[Collection entries]
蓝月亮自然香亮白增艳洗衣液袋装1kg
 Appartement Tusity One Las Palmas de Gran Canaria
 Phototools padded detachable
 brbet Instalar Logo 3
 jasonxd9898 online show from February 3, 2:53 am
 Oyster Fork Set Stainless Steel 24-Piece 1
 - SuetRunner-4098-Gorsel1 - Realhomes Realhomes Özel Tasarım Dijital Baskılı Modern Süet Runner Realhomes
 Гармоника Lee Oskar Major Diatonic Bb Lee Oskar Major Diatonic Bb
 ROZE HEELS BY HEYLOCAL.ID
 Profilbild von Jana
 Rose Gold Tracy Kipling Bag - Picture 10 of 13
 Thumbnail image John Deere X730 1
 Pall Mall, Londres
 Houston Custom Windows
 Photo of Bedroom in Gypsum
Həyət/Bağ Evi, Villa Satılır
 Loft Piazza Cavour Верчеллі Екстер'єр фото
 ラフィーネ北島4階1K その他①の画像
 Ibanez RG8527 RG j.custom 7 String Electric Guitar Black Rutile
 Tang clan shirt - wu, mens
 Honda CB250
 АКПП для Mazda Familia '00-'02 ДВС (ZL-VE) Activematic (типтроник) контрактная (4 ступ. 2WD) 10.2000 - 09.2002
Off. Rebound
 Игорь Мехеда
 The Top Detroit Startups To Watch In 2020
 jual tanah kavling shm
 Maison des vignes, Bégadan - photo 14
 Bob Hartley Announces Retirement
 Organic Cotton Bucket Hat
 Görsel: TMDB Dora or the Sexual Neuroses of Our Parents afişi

### REQUIREMENT
Restating every entry above word for word is the whole task.

### WRITTEN RESPONSE
蓝月亮自然香亮白增艳洗衣液袋装1kg
 Appartement Tusity One Las Palmas de Gran Canaria
 Phototools padded detachable
 brbet Instalar Logo 3
 jasonxd9898 online show from February 3, 2:53 am
 Oyster Fork Set Stainless Steel 24-Piece 1
 - SuetRunner-4098-Gorsel1 - Realhomes Realhomes Özel Tasarım Dijital Baskılı Modern Süet Runner Realhomes
 Гармоника Lee Oskar Major Diatonic Bb Lee Oskar Major Diatonic Bb
 ROZE HEELS BY HEYLOCAL.ID
 Profilbild von Jana
 Rose Gold Tracy Kipling Bag - Picture 10 of 13
 Thumbnail image John Deere X730 1
 Pall Mall, Londres
 Houston Custom Windows
 Photo of Bedroom in Gypsum
Həyət/Bağ Evi, Villa Satılır
 Loft Piazza Cavour Верчеллі Екстер'єр фото
 ラフィーネ北島4階1K その他①の画像
 Ibanez RG8527 RG j.custom 7 String Electric Guitar Black Rutile
 Tang clan shirt - wu, mens
 Honda CB250
 АКПП для Mazda Familia '00-'02 ДВС (ZL-VE) Activematic (типтроник) контрактная (4 ступ. 2WD) 10.2000 - 09.2002
Off. Rebound
 Игорь Мехеда
 The Top Detroit Startups To Watch In 2020
 jual tanah kavling shm
 Maison des vignes, Bégadan - photo 14
 Bob Hartley Announces Retirement
 Organic Cotton Bucket Hat
 Görsel: TMDB Dora or the Sexual Neuroses of Our Parents afişi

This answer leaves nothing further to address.